EXERCISE DETAILS
Look below for the line that contains "Agilent 1100 Series" and the line that contains "Novica Handcrafted White", then restate both of them and every line in between, exactly. No picture goes in the copy.

DATA FOR ANALYSIS
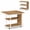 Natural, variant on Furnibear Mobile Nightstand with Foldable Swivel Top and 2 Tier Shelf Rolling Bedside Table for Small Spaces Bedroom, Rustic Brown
==
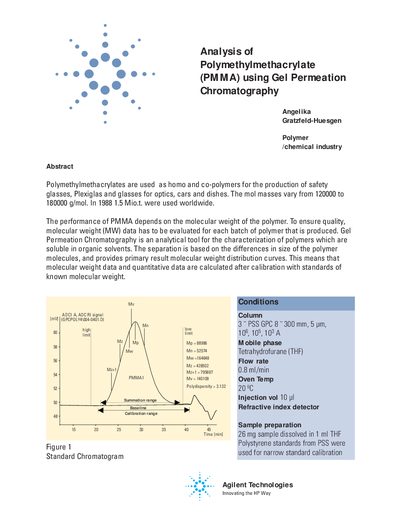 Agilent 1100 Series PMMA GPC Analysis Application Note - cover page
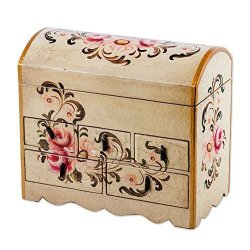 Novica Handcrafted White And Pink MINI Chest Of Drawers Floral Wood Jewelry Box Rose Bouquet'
...
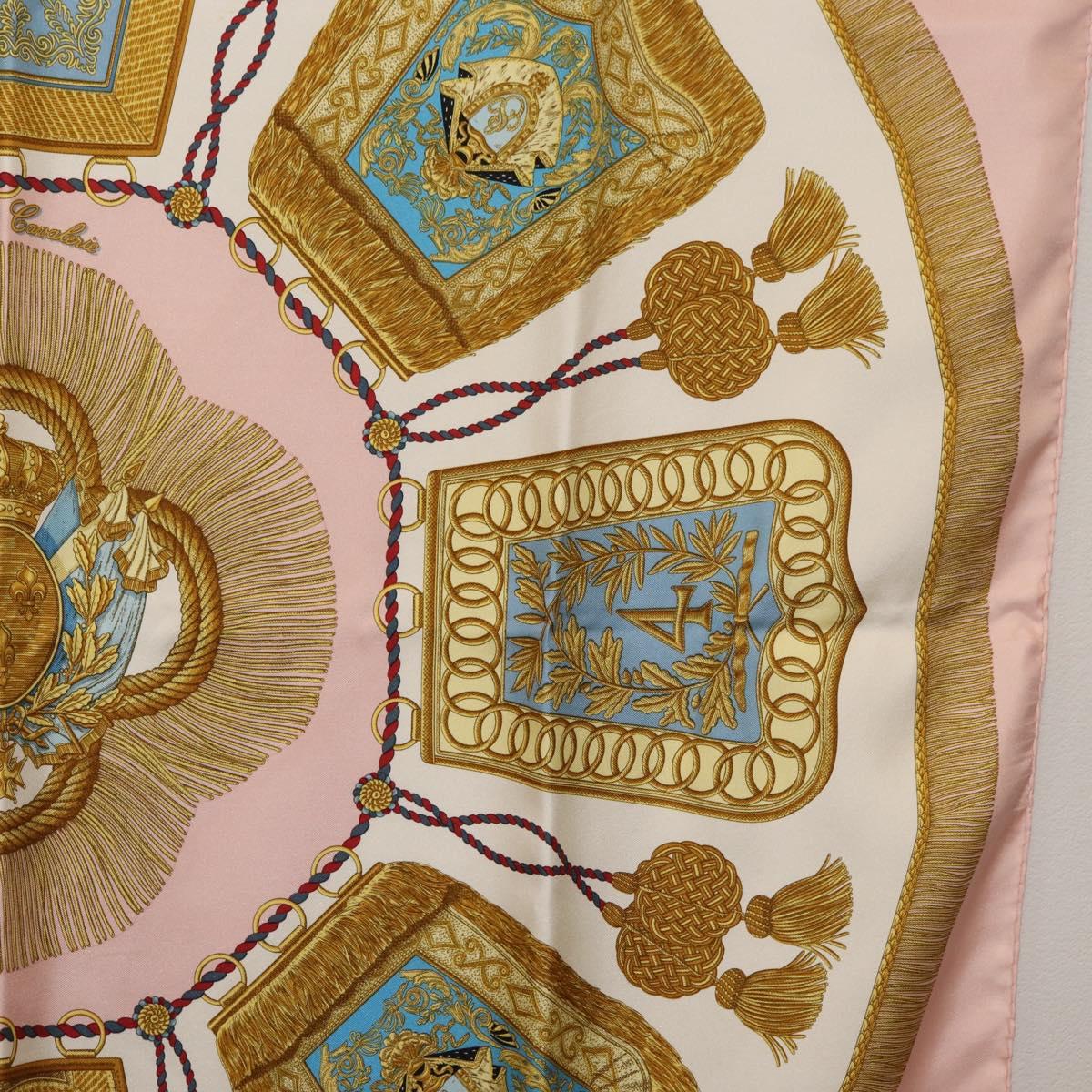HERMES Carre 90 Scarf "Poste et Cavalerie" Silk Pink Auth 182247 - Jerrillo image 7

EXPECTED ANSWER
 Agilent 1100 Series PMMA GPC Analysis Application Note - cover page
 Novica Handcrafted White And Pink MINI Chest Of Drawers Floral Wood Jewelry Box Rose Bouquet'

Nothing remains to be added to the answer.